Rock the vote
After two years of discussions, the OGC invited members with voting rights to vote on the candidate standard in early May 2013, but the process stalled within a matter of days in the face of several ‘no’ votes.
Behind the scenes, both advocates and opponents of Esri’s proposed standard oiled up their lobbying machines, despite OGC overtures to avoid any inflammatory activity that would threaten the progress of the vote.
Esri employees, wising up to the opposition swelling around their proposal, took the extraordinary step of personally lobbying customers that were OGC voting members, insisting that any objections were without merit.
Shorter, meanwhile, grew increasingly concerned that government users of Esri software would not have the time to investigate the matter fully, and that many would yield to pressure from internal users wedded to the ArcGIS product. His fear was that while a ‘yes’ vote from these organisations would see Esri’s proposal approved, any decision to abstain from voting would also invariably tip the numbers in Esri’s favour.
Shorter embarked on some last minute lobbying of his own. A broad mix of competitors, open source advocates and concerned government officials - most of whom were OSGeo members - were asked to consider signing an open letter to the standards body expressing their objections. This was eventually signed by some 135 individuals and stated a list of reasons why Esri’s proposal should be rejected.

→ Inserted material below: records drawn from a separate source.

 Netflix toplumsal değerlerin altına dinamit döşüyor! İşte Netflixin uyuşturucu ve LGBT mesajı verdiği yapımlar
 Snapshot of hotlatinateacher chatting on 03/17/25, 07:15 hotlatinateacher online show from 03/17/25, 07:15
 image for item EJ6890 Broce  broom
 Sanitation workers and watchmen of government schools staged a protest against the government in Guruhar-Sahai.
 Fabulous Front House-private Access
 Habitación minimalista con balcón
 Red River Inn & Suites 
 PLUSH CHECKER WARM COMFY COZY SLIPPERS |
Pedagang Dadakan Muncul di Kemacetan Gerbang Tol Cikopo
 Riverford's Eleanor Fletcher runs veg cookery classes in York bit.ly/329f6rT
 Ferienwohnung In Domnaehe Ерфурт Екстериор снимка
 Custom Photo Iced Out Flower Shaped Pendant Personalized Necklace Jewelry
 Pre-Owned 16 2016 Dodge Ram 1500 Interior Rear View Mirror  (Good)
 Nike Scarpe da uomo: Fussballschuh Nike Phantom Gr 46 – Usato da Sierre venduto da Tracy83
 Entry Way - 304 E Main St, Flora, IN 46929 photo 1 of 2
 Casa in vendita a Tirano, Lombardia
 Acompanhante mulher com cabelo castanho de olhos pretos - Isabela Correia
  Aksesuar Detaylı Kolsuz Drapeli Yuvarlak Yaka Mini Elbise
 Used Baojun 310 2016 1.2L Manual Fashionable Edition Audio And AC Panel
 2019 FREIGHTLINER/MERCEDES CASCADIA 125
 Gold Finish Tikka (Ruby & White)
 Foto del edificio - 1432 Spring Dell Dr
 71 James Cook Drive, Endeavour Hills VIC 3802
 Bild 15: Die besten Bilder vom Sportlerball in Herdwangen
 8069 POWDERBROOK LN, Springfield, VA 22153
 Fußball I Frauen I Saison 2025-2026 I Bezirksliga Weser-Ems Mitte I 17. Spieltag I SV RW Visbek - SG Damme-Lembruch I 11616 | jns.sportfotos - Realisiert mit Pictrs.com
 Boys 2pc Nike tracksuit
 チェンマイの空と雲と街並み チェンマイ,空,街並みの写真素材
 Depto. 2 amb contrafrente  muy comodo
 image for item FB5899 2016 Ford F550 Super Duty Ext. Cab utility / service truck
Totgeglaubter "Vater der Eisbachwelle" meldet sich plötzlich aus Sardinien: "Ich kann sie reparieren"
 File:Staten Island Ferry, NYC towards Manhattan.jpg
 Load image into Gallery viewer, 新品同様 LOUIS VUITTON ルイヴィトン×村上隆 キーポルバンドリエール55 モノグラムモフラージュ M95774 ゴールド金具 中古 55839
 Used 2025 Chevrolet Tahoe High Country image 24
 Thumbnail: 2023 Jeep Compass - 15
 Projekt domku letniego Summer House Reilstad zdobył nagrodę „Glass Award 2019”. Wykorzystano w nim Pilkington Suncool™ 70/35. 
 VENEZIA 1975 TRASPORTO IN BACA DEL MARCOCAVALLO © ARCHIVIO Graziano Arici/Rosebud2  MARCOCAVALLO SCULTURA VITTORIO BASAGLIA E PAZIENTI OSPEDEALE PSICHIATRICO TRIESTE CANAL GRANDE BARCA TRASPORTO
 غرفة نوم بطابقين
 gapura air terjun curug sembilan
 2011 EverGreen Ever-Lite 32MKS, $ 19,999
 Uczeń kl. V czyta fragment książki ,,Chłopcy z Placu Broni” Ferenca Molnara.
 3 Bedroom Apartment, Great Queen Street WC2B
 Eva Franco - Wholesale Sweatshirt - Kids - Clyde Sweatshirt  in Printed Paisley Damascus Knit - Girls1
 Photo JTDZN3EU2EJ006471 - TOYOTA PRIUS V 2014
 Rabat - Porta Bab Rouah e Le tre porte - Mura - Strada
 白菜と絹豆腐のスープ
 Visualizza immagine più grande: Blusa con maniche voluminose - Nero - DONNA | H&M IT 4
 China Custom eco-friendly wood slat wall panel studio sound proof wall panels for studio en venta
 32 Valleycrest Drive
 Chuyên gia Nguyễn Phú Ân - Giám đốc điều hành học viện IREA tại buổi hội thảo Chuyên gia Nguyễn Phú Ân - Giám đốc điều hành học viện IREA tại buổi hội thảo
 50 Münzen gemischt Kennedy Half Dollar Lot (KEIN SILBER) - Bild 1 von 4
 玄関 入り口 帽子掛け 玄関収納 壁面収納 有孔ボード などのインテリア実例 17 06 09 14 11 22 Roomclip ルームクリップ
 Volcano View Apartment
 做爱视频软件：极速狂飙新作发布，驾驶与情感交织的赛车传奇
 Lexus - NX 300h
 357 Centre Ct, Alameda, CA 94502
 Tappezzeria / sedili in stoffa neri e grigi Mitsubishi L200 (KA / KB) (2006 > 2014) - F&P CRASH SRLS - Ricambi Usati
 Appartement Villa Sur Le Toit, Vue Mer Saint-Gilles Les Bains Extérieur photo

These efforts now appear to have borne fruit.
Last week, a member of the OGC’s Standards Working Group (SWG) passed a motion to withdraw the specification from the OGC standards process - a motion which was unanimously accepted.
If there are no objections from the OGC’s Technical Committee before Friday, June 7, the specification is withdrawn. (If there are objections, the motion becomes the subject of an electronic vote.) A representative of the OGC has told iTnews there have been no objections to date.
It has since been revealed that the SWG member that put the motion forward was an employee and official representative of Esri (Keith Ryden), and the motion was seconded by a key Esri business partner.
This has even Esri's most staunch critics wondering whether this was an act of grace or cunning.
Representatives from Esri have been contacted on several occasions by iTnews to ask why the company chose to withdraw the proposal, to no avail.
The wording of the SWG’s motion offers some clues.
“Considering the breadth of discussion both internal and external to the OGC process since the vote announcement, the SWG members feel that the vote cannot continue until the many questions raised have been addressed,” the SWG wrote in the motion to withdraw the Esri specification.
“Issues regarding OGC process, vendor advantage, duplication of capabilities, etc. have now overshadowed technical discussions of the merits of the specification. By withdrawing the OGC GeoServices REST API candidate standard, the necessary discussions regarding OGC process, policy, and position can continue separately.
“Over the coming months there will be opportunities for OGC staff, members and the general public to engage in discussions related to policy and procedures, such as clear statements on openness and interoperability, overlapping standards, backwards compatibility and so forth.”